Input Start Marker
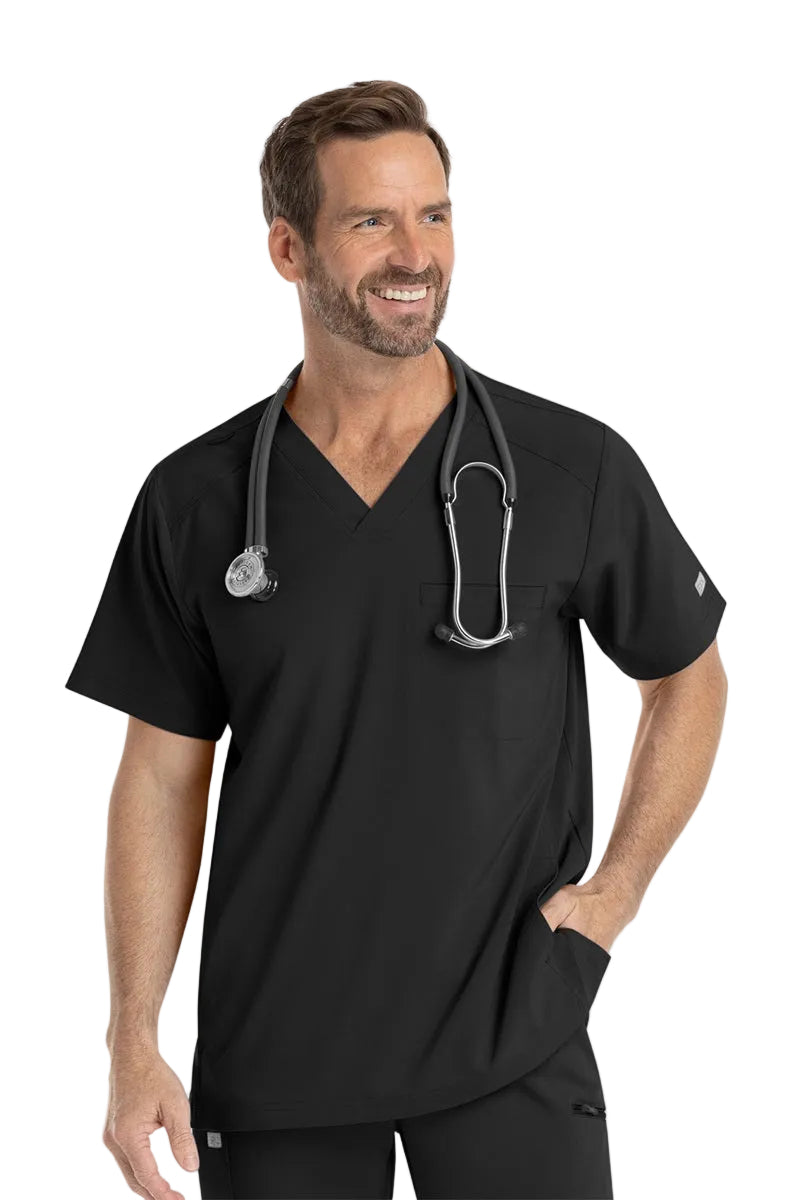 IRG EPIC 4851 men's scrub top in black - tailored fit, chest pocket, side slash pockets.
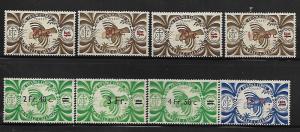 NEW CALEDONIA, 266-273, MNH, KAGU, SURCHARGED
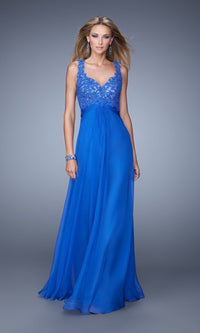 Electric Blue Long Formal La Femme Dress 21166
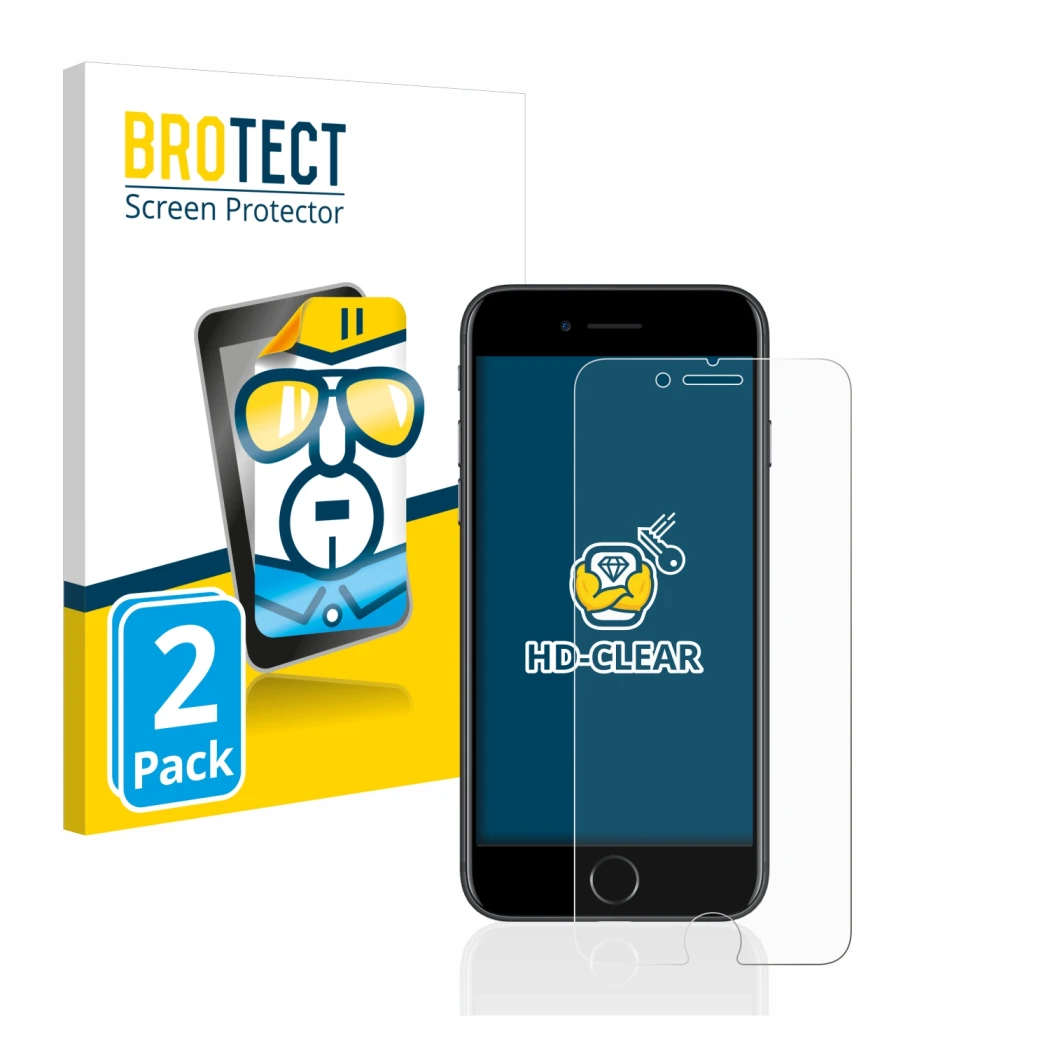 Front side of a product packaging with the brand logo BROTECT. Next to it is the device Apple iPhone 7 shown with the correspo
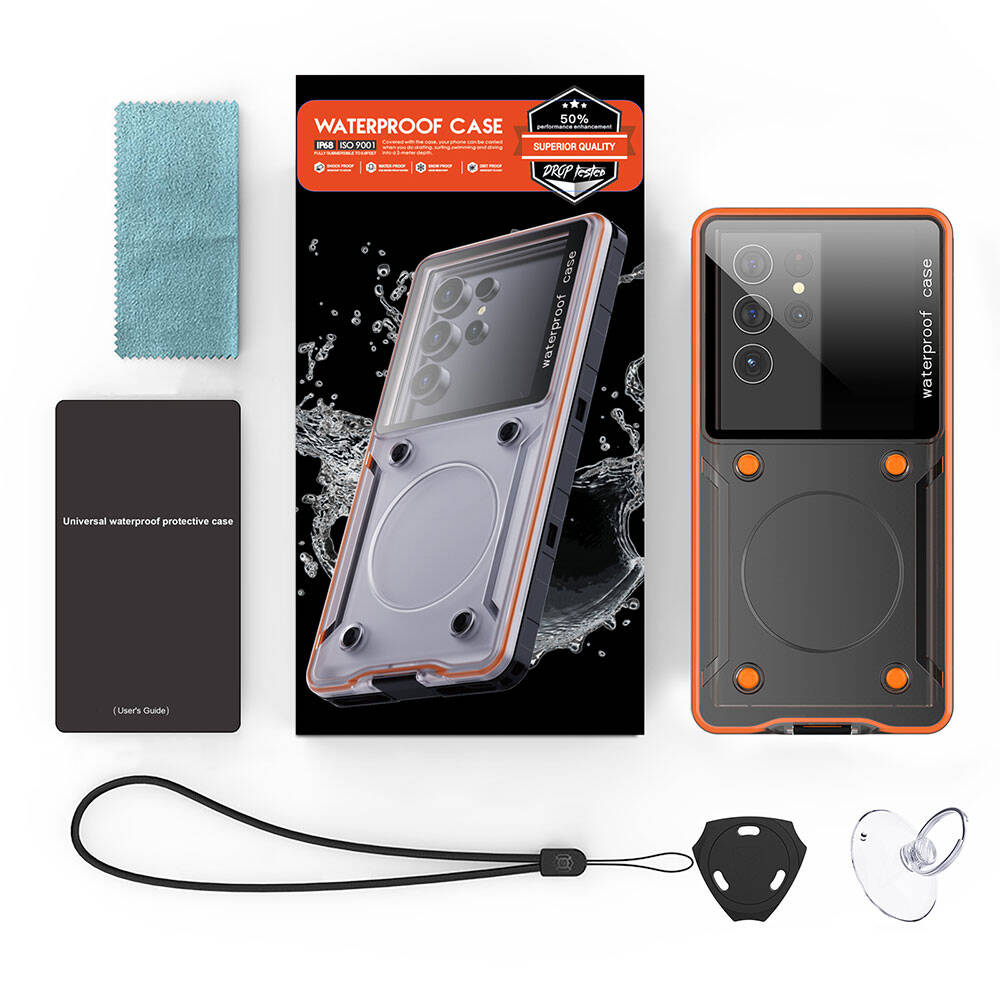 Anti-Knock Airbag Tasarımlı Universal 6.9"inç Su Geçirmez Zore Voter Kapak Siyah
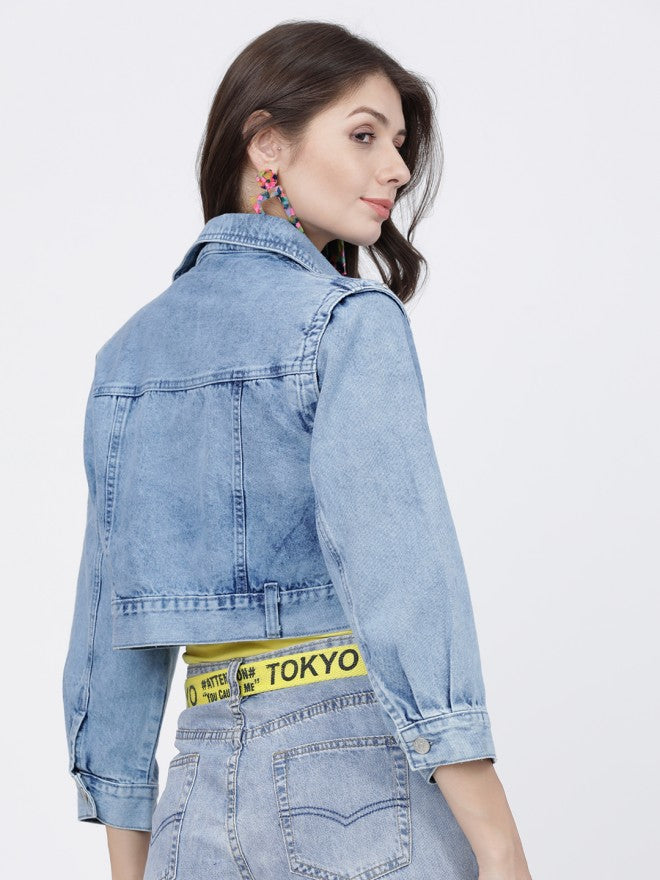 Tokyo Talkies Women Blue Denim Jacket - Blue - Image 2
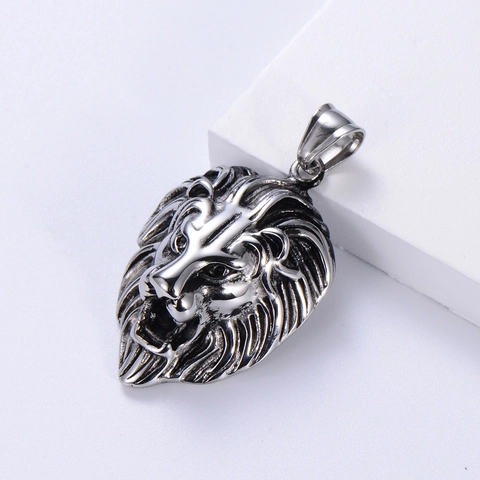 Lion Head Pendant Necklace Men 304 Stainless Steel Vintage Gothic Punk Hip Hop Jewelry Accessory Gift For Boys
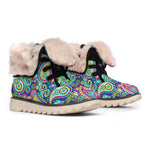 Colorful Paisley Pattern Print Winter Boots
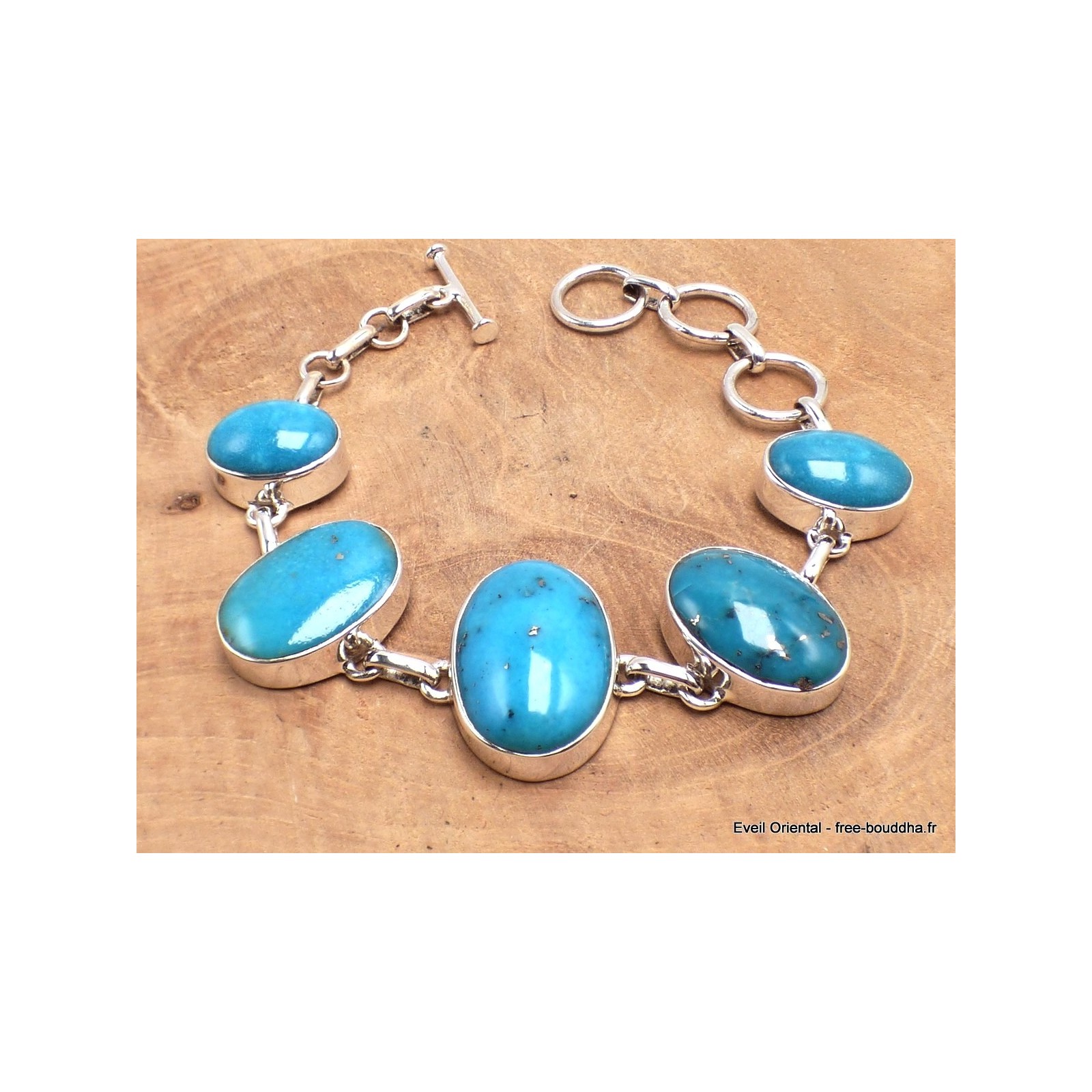 Bracelet Perles De Howlite Turquoise 6mm Avec Charme Bouddha Argenté - Apaisement, Sommeil - Neuf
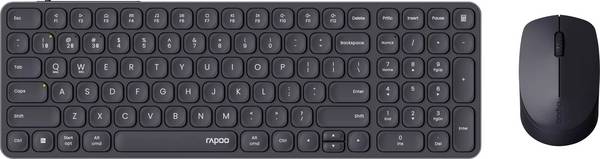 Rapoo 9710M bezdrátový, Bluetooth® sada klávesnice a myše ergonomická německá, QWERTZ černá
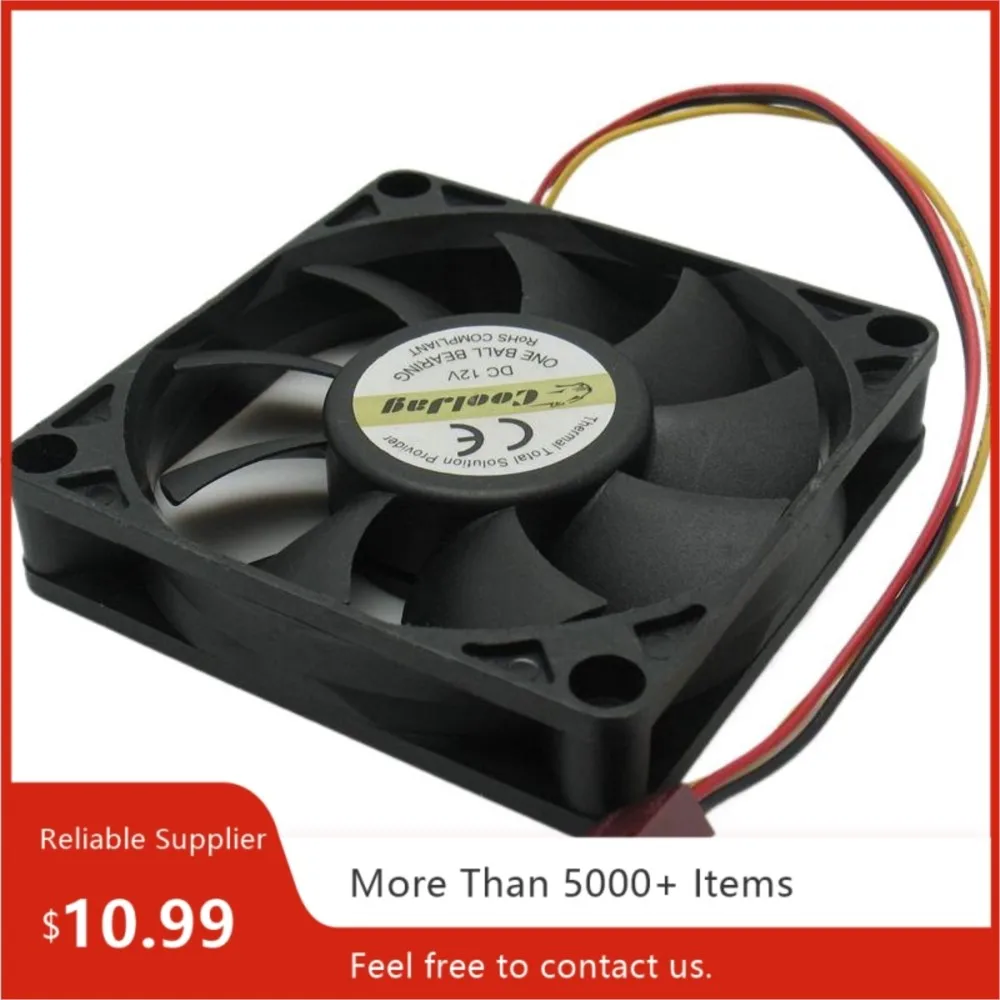 7cm Fan for EVERFLOW 70mm 12V Cooling Fan, 4Pin, Ball Bearing, 2500-4500RPM, R127015DU, High Efficiency Thermal Solutions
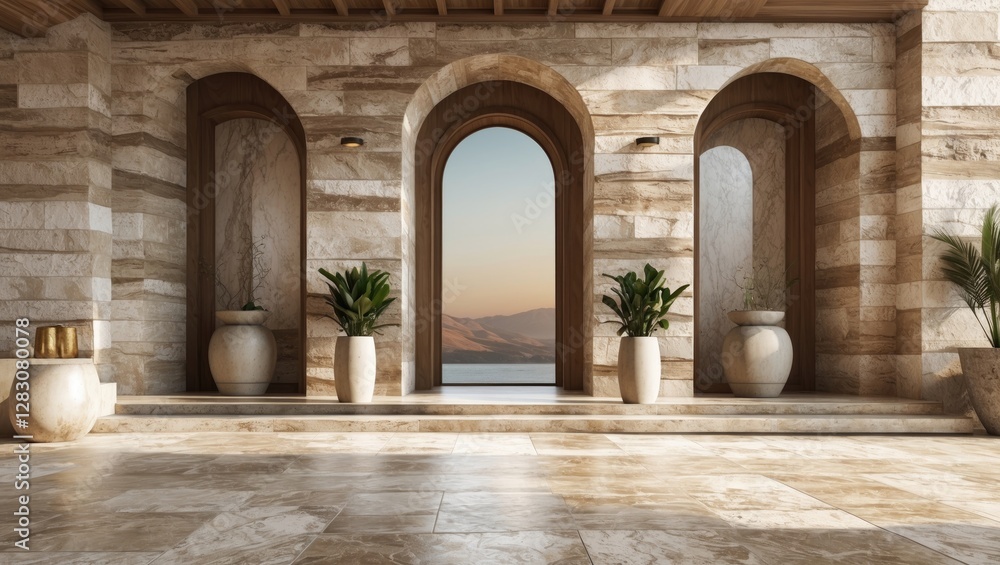 Poster elegant travertine stone interior with arched doorways and decorative plants creating a serene and i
Input End Marker
## Task instructions
An exact copy is needed of the stretch above that opens with the line containing "Electric Blue Long" and closes with the line containing "Anti-Knock Airbag Tasarımlı"; the pictures are not part of it.

## Completed task
 Electric Blue Long Formal La Femme Dress 21166
 Front side of a product packaging with the brand logo BROTECT. Next to it is the device Apple iPhone 7 shown with the correspo
 Anti-Knock Airbag Tasarımlı Universal 6.9"inç Su Geçirmez Zore Voter Kapak Siyah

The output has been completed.